With this comes an equally strong embrace of data standards for real-time electronic business. ACORD has responded to that interest, and in the past year its activity has been far reaching and high profile.
A compelling confluence of factors have contributed to the heightened interest and commitment to standards-based technology in the cross-border reinsurance and large commercial community. One is the pressing need, in a post 9/11 world, to better understand risk. Good data, particularly exposure information, is critical for risk managers, brokers and the industry to make better-informed decisions and risk assessments.
Another is the maturation of ongoing efforts by the London market to reform its outdated, paper-intensive business practices and lift service performance levels. Also, markets have tightened, and to remain competitive, companies are looking for ways to make their systems more streamlined and cost effective.
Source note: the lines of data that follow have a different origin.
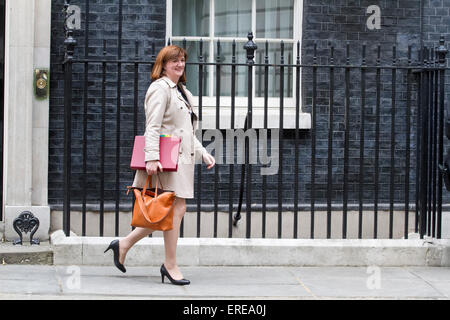 Westminster London, Regno Unito. 2 Giugno 2015. Istruzione Segretario Nicky Morgan lascia Downing Street dopo il settimanale riunione del gabinetto Credito: amer ghazzal/Alamy Live News Foto Stock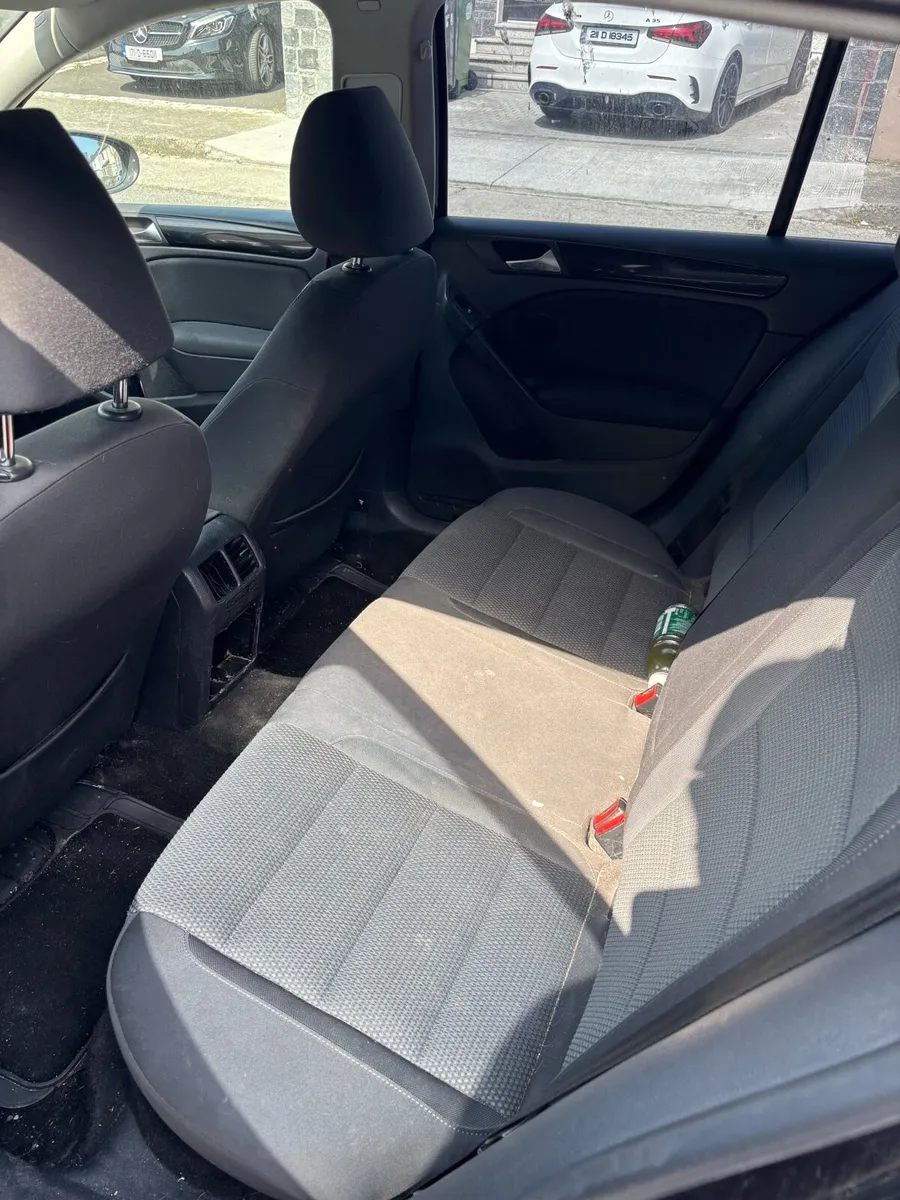 Volkswagen Golf - Image 4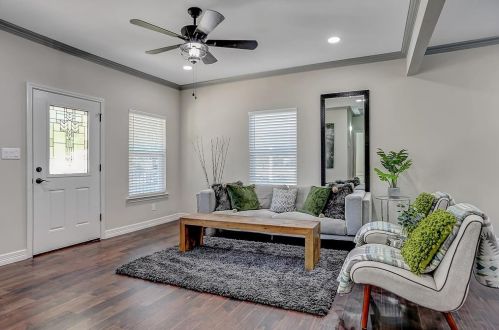 415 Hull St, Denison TX 75020-5124 exterior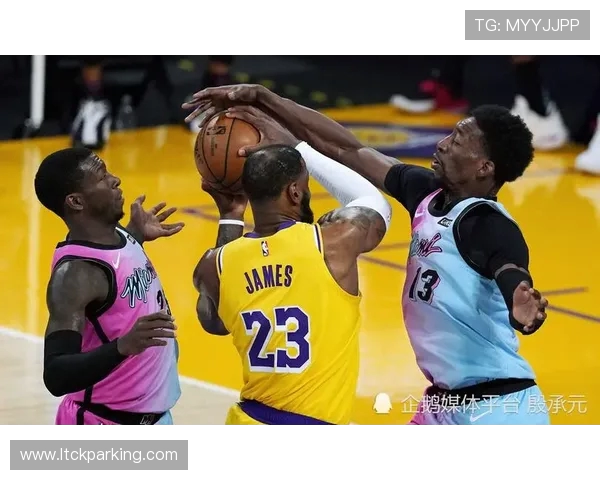 76人鏖战热火激情对决揭幕东部焦点大战胜负悬念再升级 76人鏖战热火激情对决揭幕东部焦点大战胜负悬念再升级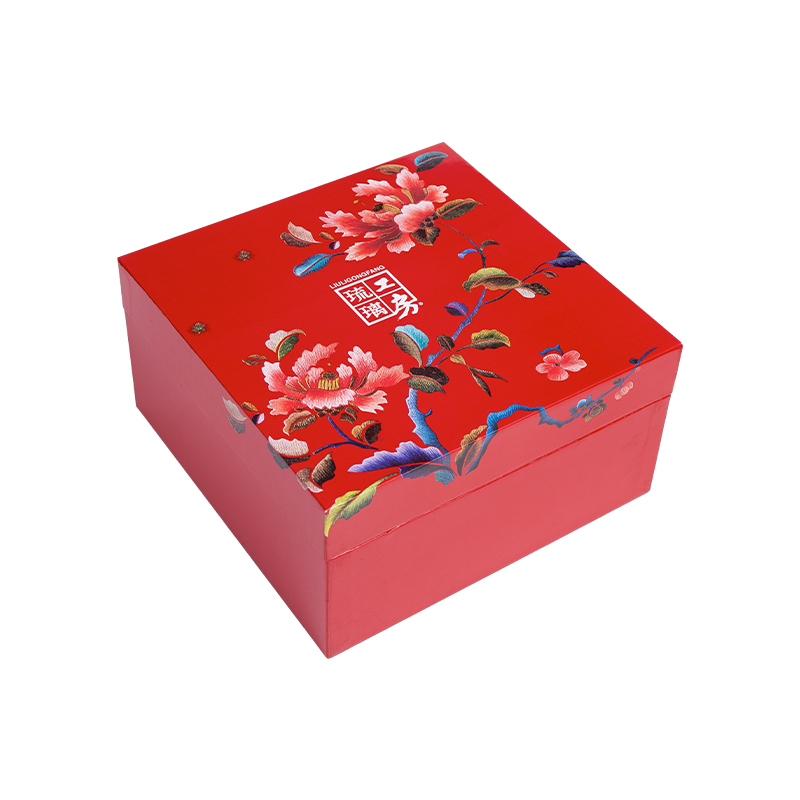 Na -customize na Christmas at Chinese New Year Gift Box na may takip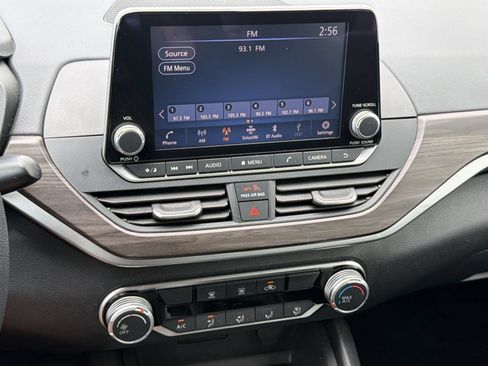Used 2025 Nissan Altima 2.5 SV FWD image 21
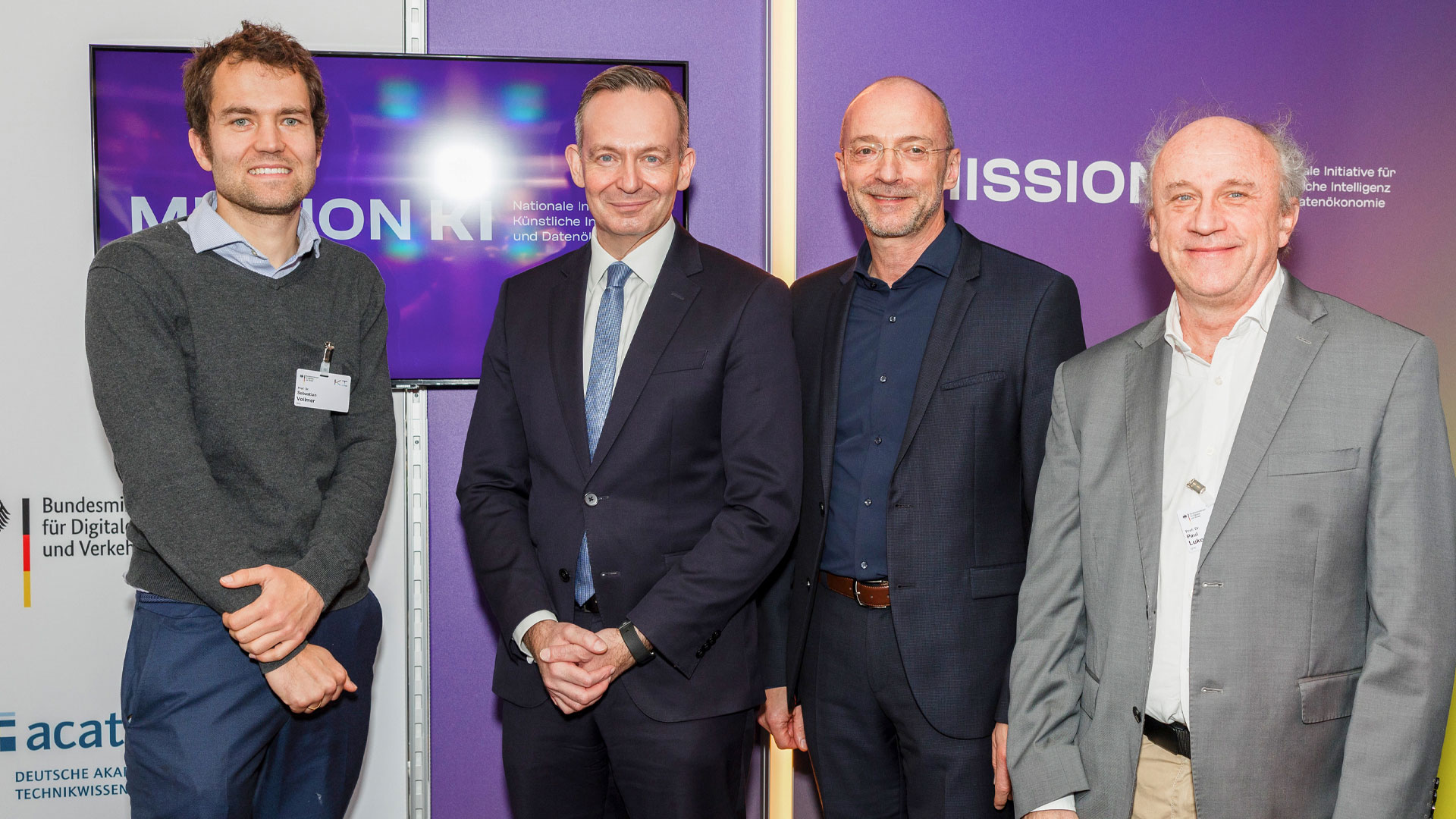  Prof. Sebastian Vollmer, Bundesdigitalminister Volker Wissing, Prof. Andreas Dengel und Prof. Paul Lukowicz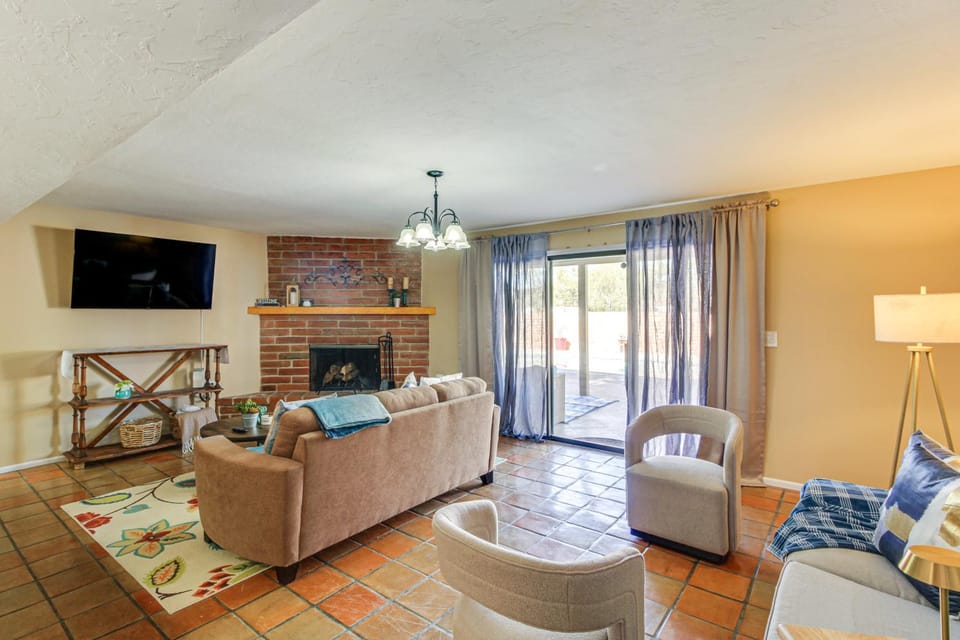 Main House + Casita: Peaceful Tucson Retreat! House in Casas Adobes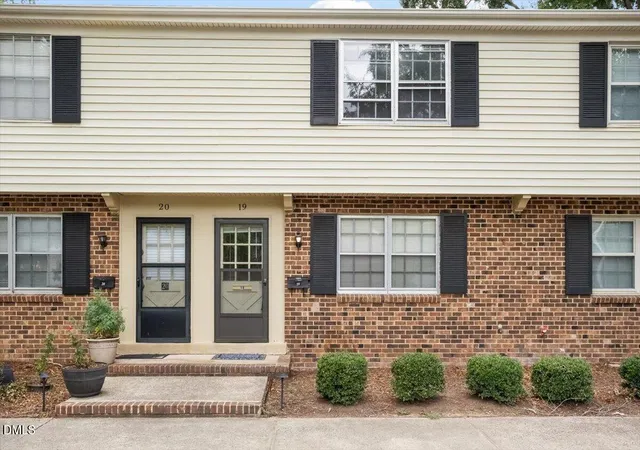 2nd image of 1102 Willow Dr, Chapel Hill, NC 27517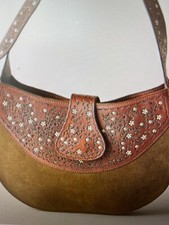 Sundance Serenity Suede Boho Hippie Painted Daisy Saddle Bag! Brand New!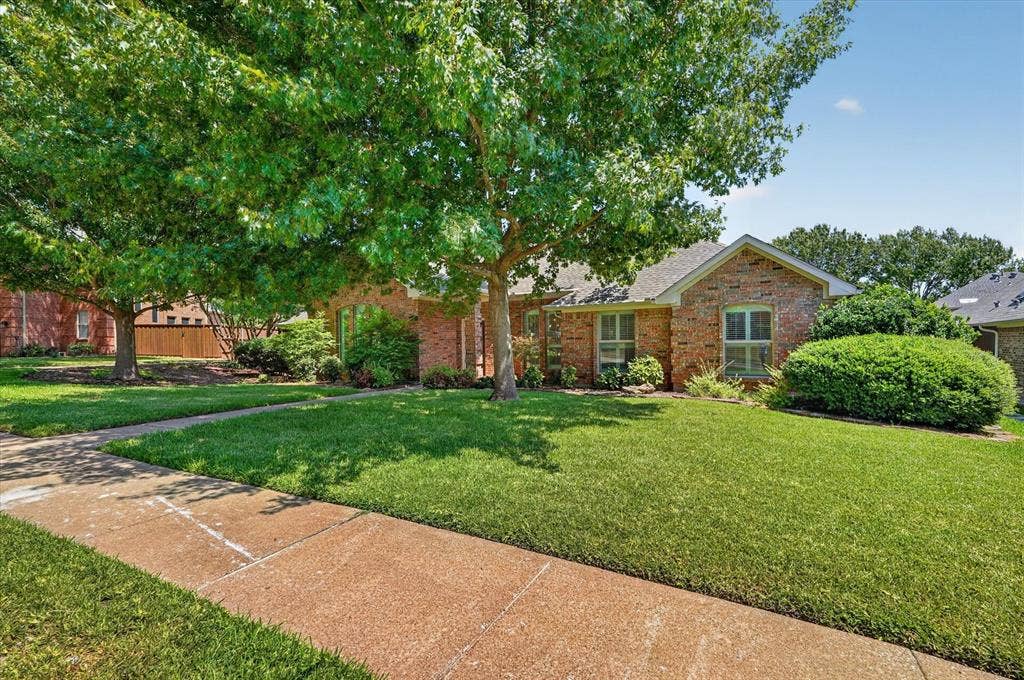 2132 Donna Drive, Plano, TX 75074 2132 Donna Drive, Plano, TX 75074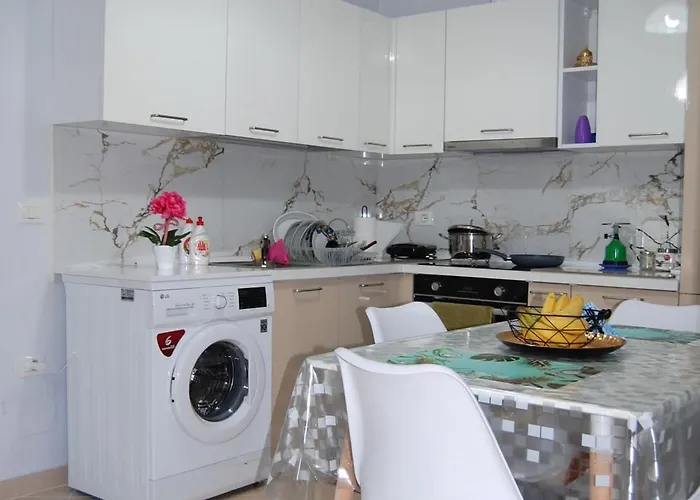 M & A - Sea View Apartment Vlore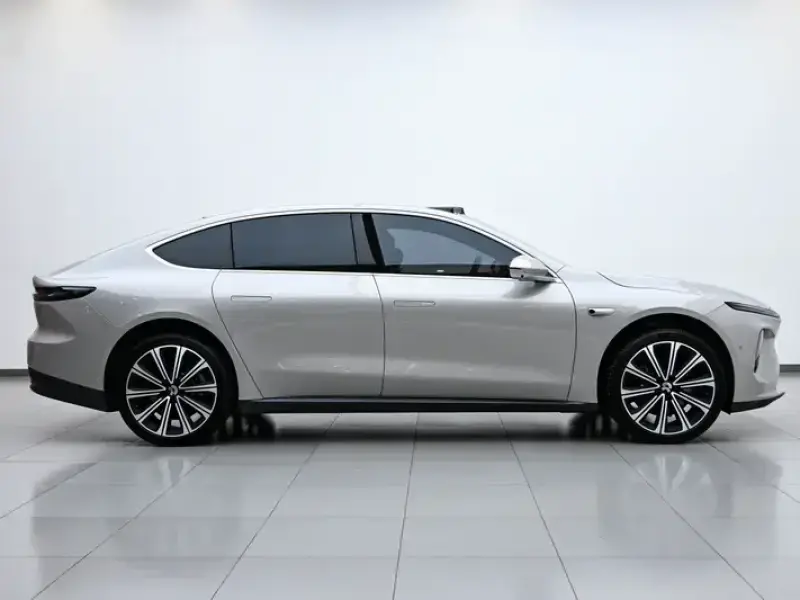 2024 Nio ET7 с пробегом 9 700 км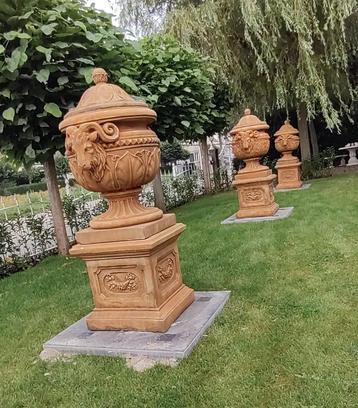 Tuinvaas met deksel op sokkel beschikbaar voor biedingen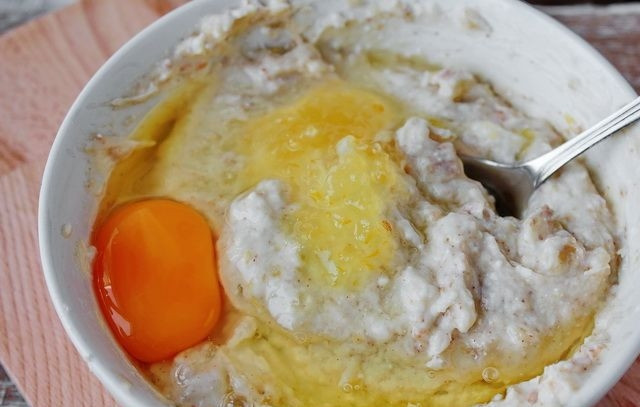 1. Этап. Диетический десерт из творога и банана: К творожной массе добавьте молотый миндаль, а также крахмал и яйцо. Все хорошенько перемешайте.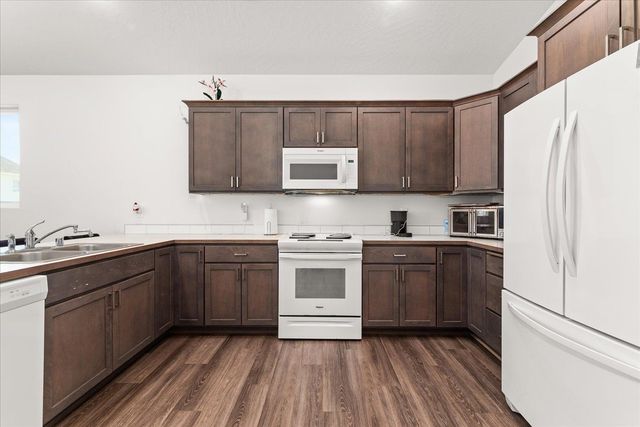 123 S TREELINE St, Airway Heights, WA 99001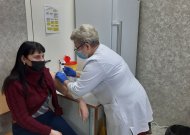 Pradėta Jurbarko švietimo darbuotojų vakcinacija nuo Covid-19
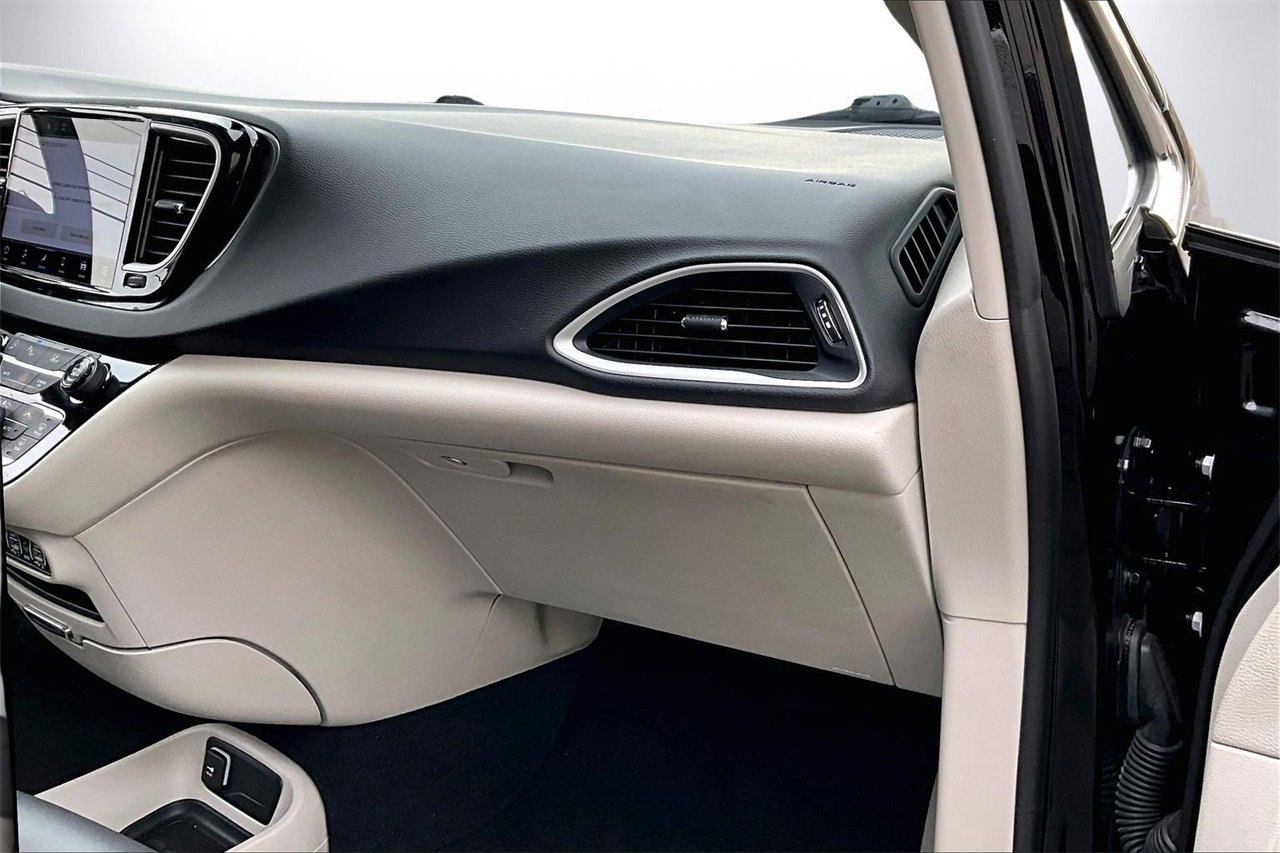 Certified 2024 Chrysler Pacifica Touring-L image 19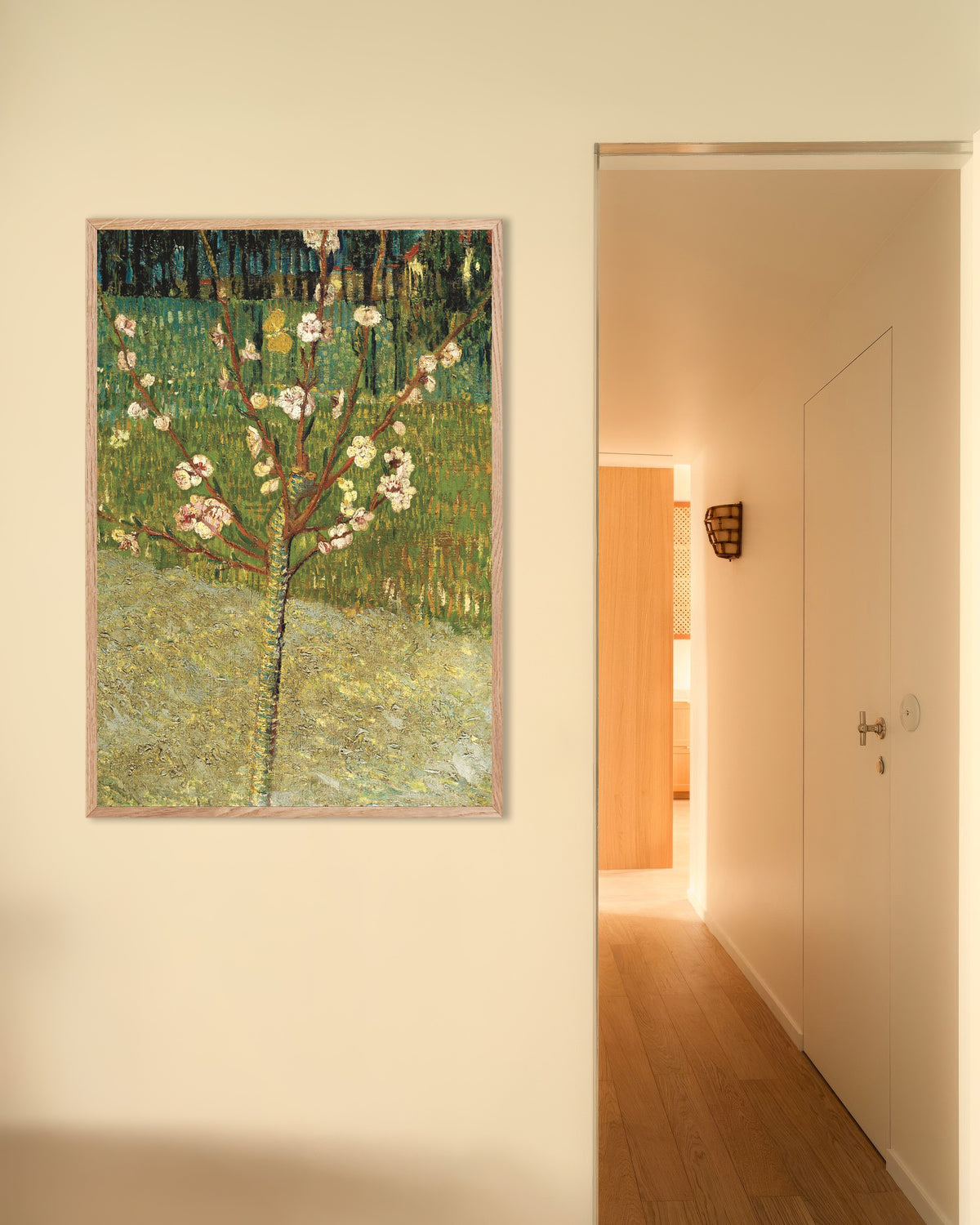 Poster med Mandelträd i blom (1888) av Vincent van Gogh, med ram av naturträ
During 2003, ACORD worked with its global membership to create new standards for reporting location-based exposures. This activity considered large commercial insurance risks, as well as personal and smaller commercial surplus lines risks. The standards addressed a critical need. The problem was that insurers and reinsurers were asking clients/brokers to provide different types of location data in different formats, resulting in difficulties in sharing data across the markets and incompatibility with standard risk modeling software. The result was extra work for all parties, such as manually reviewing electronic information received, checking quality of data, and re-keying information into formats that could be loaded into their own, or third-party supplier, catastrophe exposure modeling systems.
The data standards group of the Lloyd’s Market Associations (LMA) helped kicked off the effort by defining data elements and guidelines for the commercial property, household, onshore energy and fine art business. ACORD, in turn, worked with its international membership to incorporate these into a common standard. It validated the standards requirements with U.S. brokers and carriers and with the National Association of Professional Surplus Lines Offices (NAPSLO), the American Association of Managing General Agents (AAMGA), and others to make sure they meet the requirements of all parties involved in risk submission.